### [Exercise instructions]
All lines in the records below that hold "Zapatos" are to be shown.

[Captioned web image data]
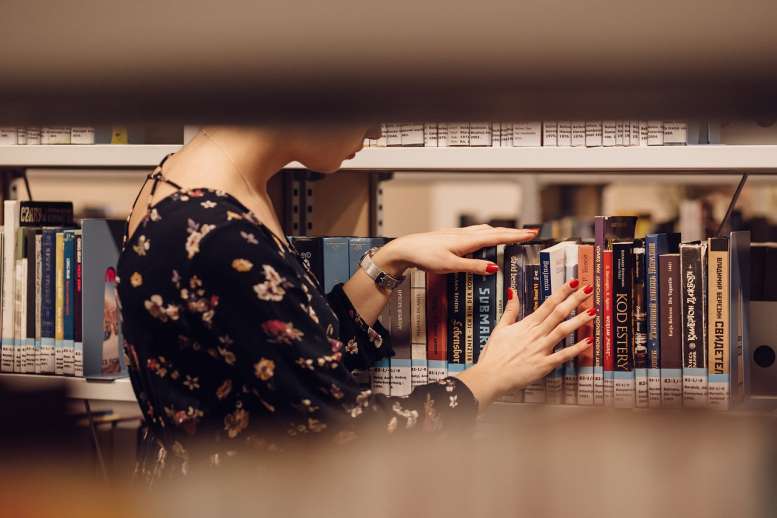 Frau in einer Bücherei zwischen Büchern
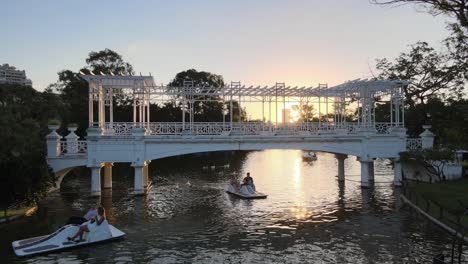 Aerial-dolly-in-of-people-in-boats-sailing-under-white-bridge-in-Rosedal-gardens-at-golden-hour,-Buenos-Aires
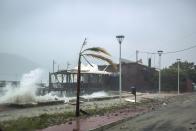 Waves break on a seaside tavern during a storm at the port of Argostoli, on the Ionian island of Kefalonia, western Greece, Friday, Sept. 18, 2020. A powerful tropical-like storm named Ianos battered the western islands of Zakynthos, Kefalonia, and Ithaki overnight, causing flash flooding, property damage, power outages, and road closures mostly from downed trees, police and local authorities said. (AP Photo/Nikiforos Stamenis)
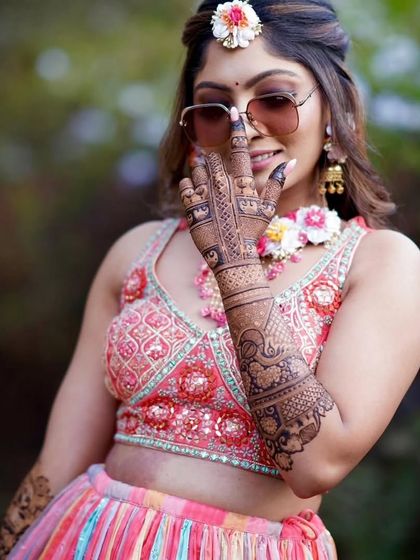 A close-up of a bride with sunglasses, her mehandi-covered hand adding to her cool vibe.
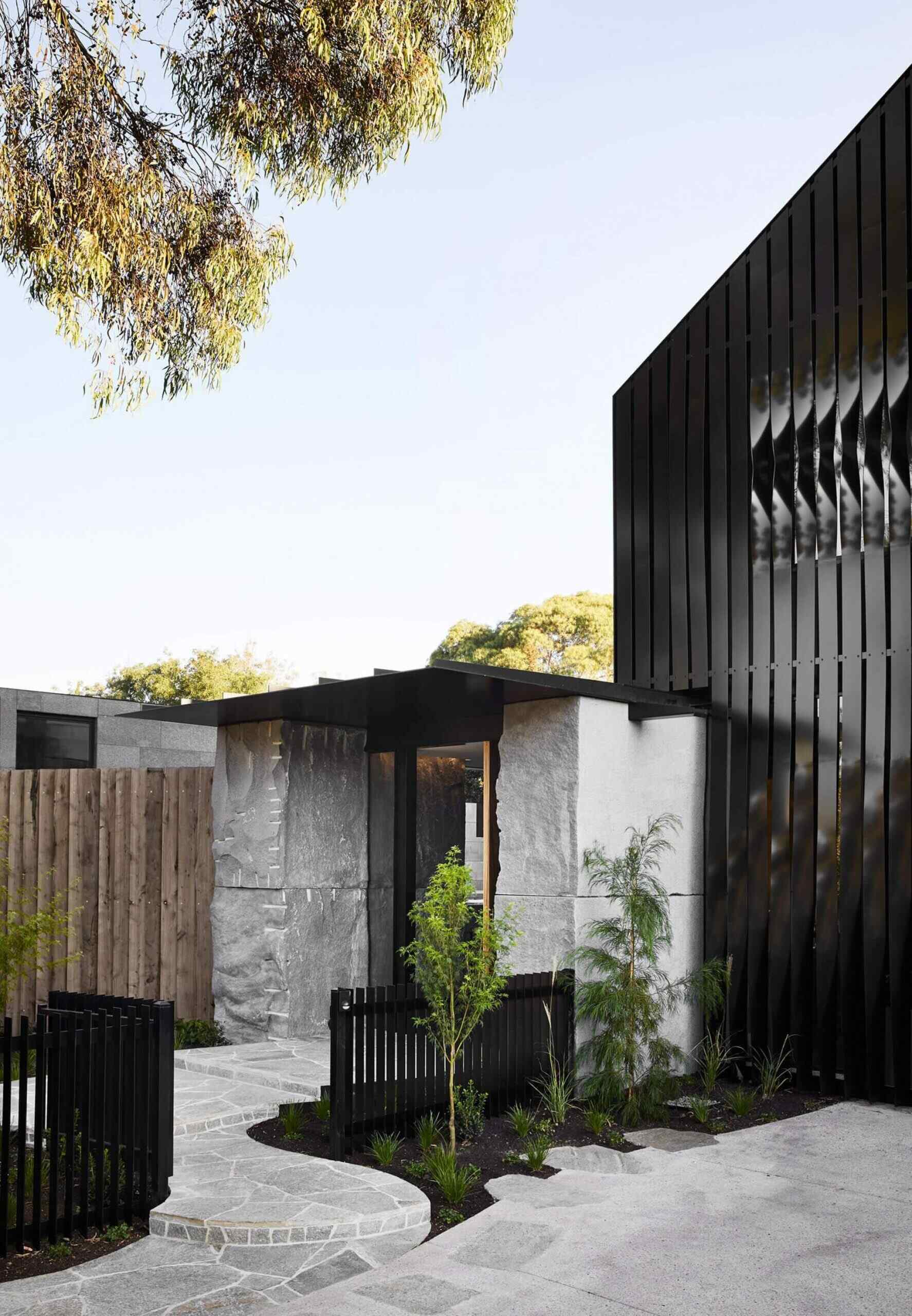 This Melbourne home in Northcote is built around 12 massive boulders, craned into place before construction even began. Black steel cladding and raw stone create a dramatic, quarry inspired facade that feels bold and sculptural.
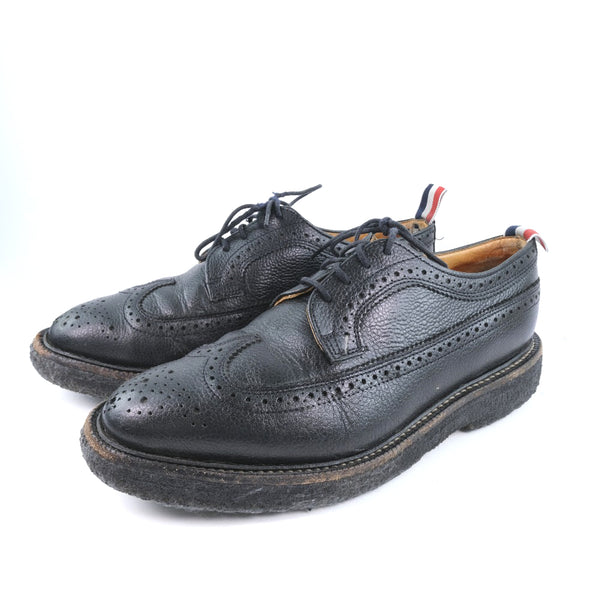 [Thom Brown] Tom Brown 
 Zapatos de negocios y otros zapatos 
 Zapatos de negocios negros de cuero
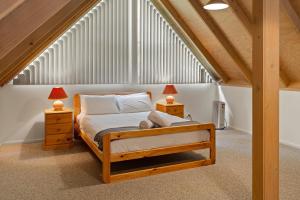 a bedroom with a bed and two lamps in a attic at Settle @ Sawmill in Mount Buller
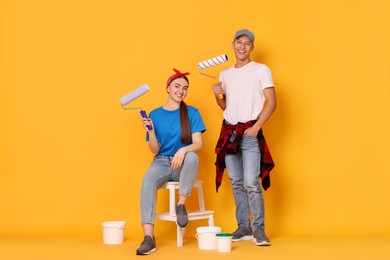 Photo of Professional decorator. Man and woman with different tools on orange background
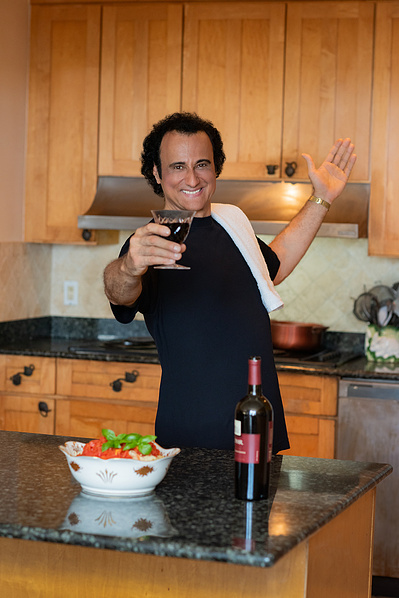 Male opera singer in kitchen with pasta bowl on counter and wine glass in hand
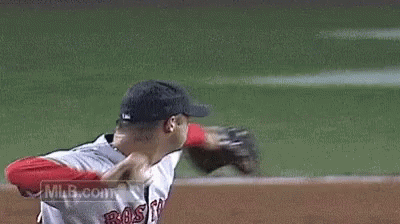 a baseball player wearing a wakefield jersey is throwing a ball .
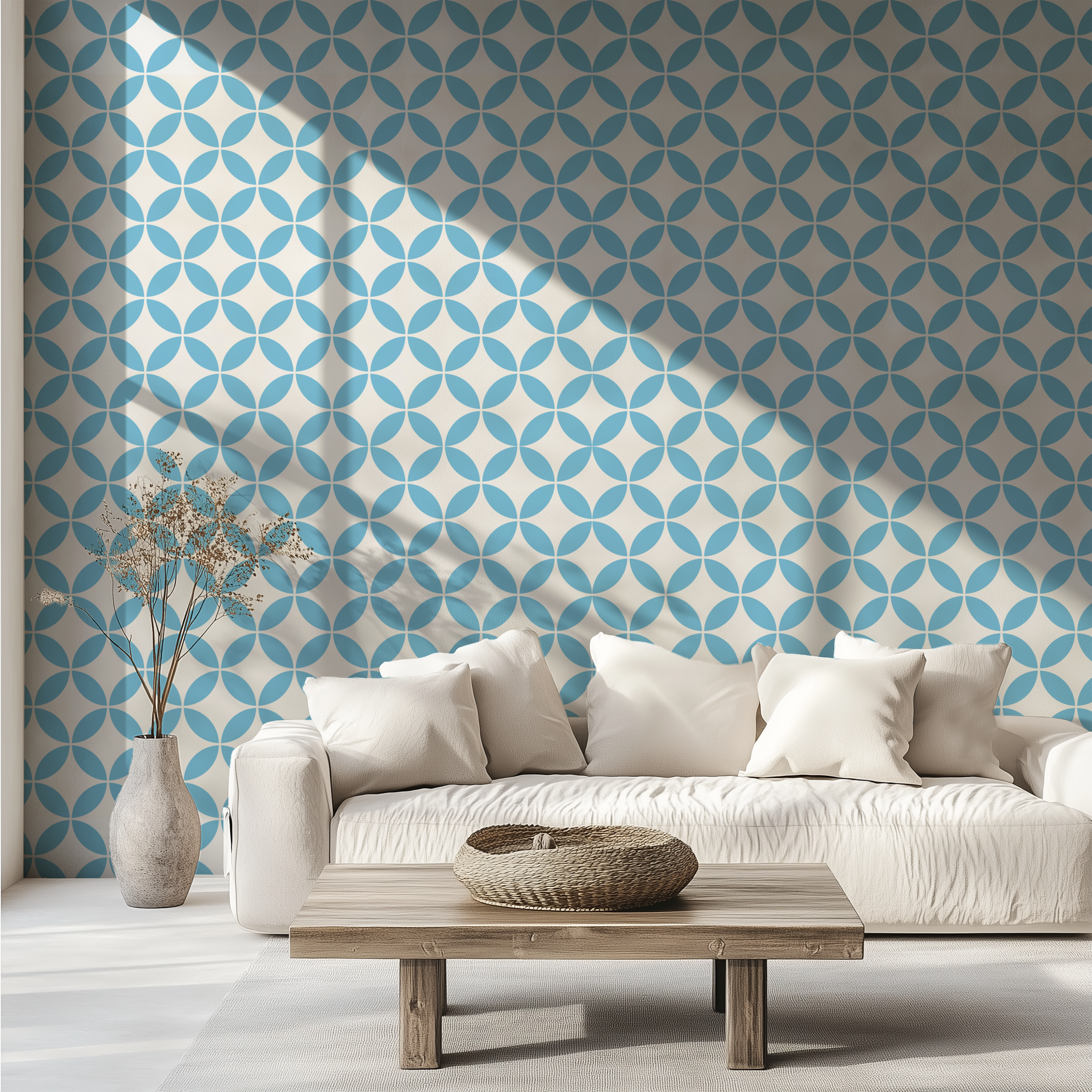 Light blue retro geometric wallpaper with interlocking circles behind a white sofa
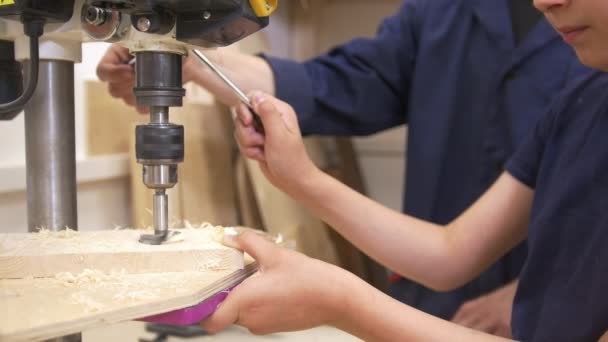 Adolescente chico perfora un agujero en un tablón de madera utilizando equipo industrial en taller de carpintería — Vídeos de Stock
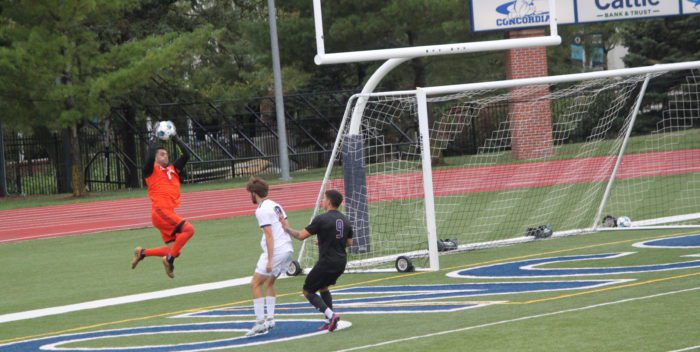 Goalie Federico Andrea Simonetti Catches Shot from Bellevue Player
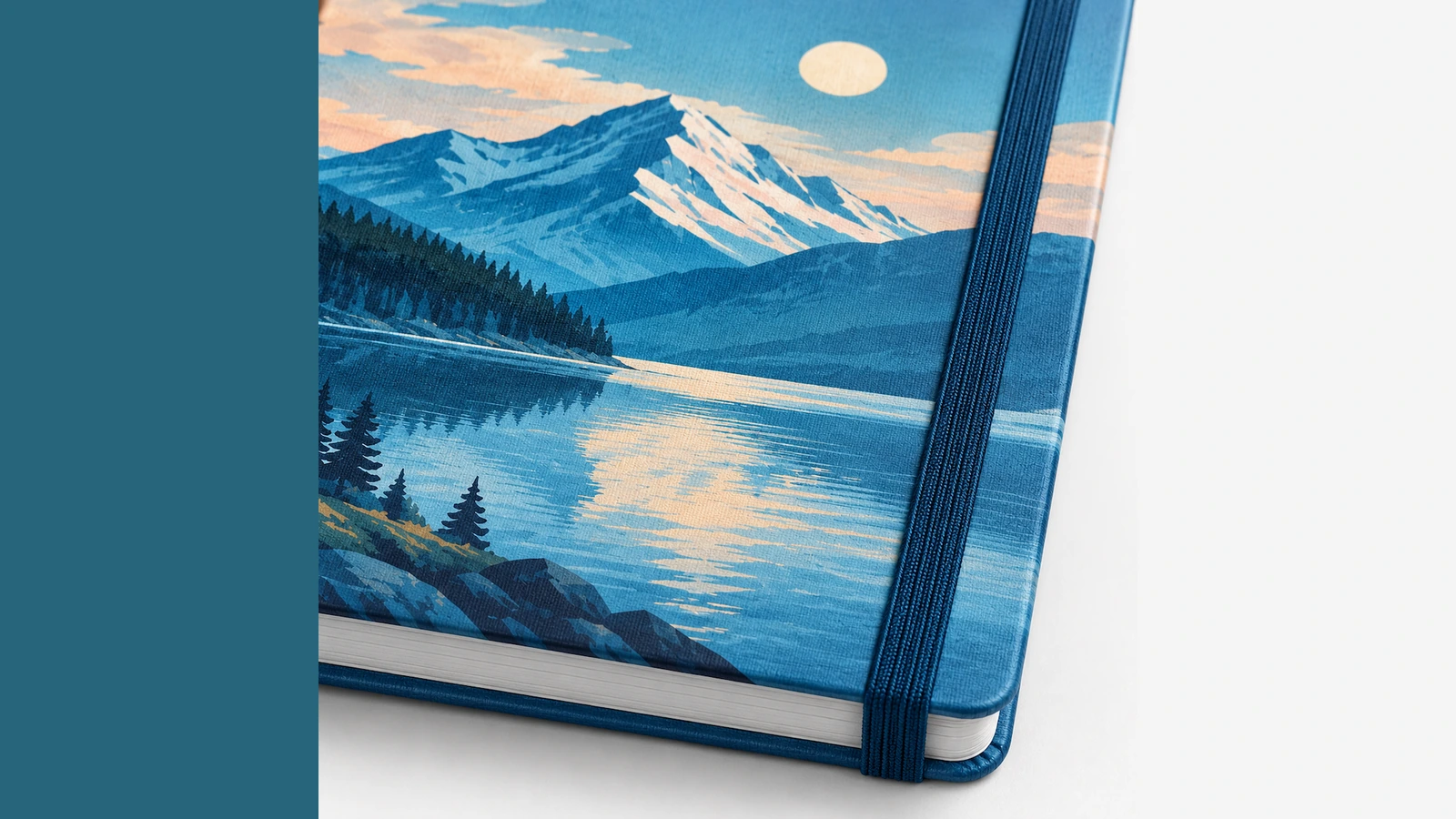 Gros plan illustratif d'une couverture imprimée au motif lac de montagne, d'un élastique bleu et du bloc de pages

### [Reply]
 Zapatos de negocios y otros zapatos 
 Zapatos de negocios negros de cuero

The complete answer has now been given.